Keep images out and repeat all data exactly.

** EXERCISE DATA follows **

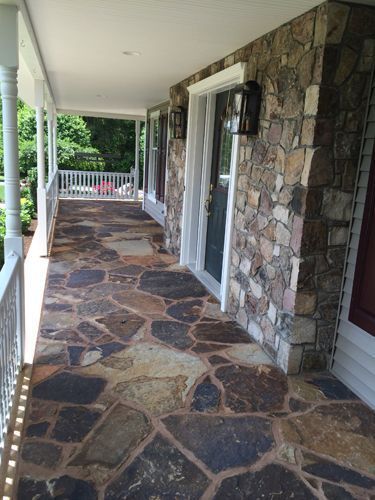 Covered porch with flagstone floor and stone wall.
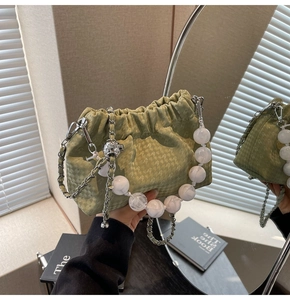 Macro detail of mint green drawstring bag with marble bead handle and chain strap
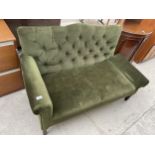 A 20TH CENTURY BUTTON BACK DROP-END SETTEE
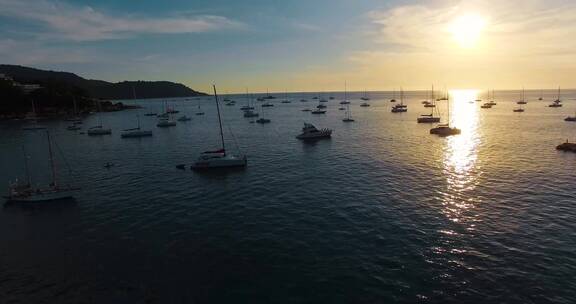 海岸海水视频夕阳下大海里游泳的游客帆船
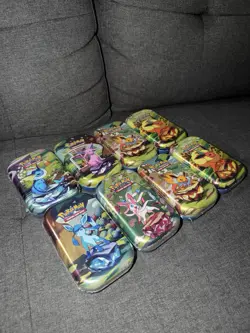 Pokemon TCG Prismatic Evolutions Lot of 8 Sealed Mini Tins - Image 1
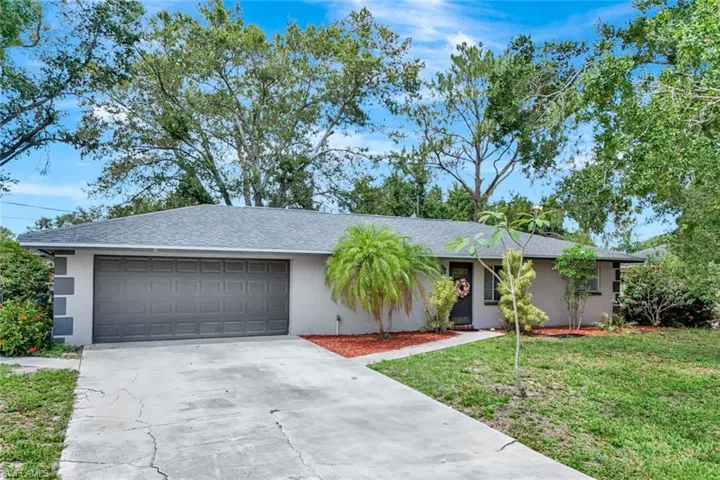 Ranch-style house with a garage, driveway, a front yard, and stucco siding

** End of EXERCISE DATA **

→ **RESULT OF THE EXERCISE**:
 Covered porch with flagstone floor and stone wall.
 Macro detail of mint green drawstring bag with marble bead handle and chain strap
 A 20TH CENTURY BUTTON BACK DROP-END SETTEE
 海岸海水视频夕阳下大海里游泳的游客帆船
 Pokemon TCG Prismatic Evolutions Lot of 8 Sealed Mini Tins - Image 1
 Ranch-style house with a garage, driveway, a front yard, and stucco siding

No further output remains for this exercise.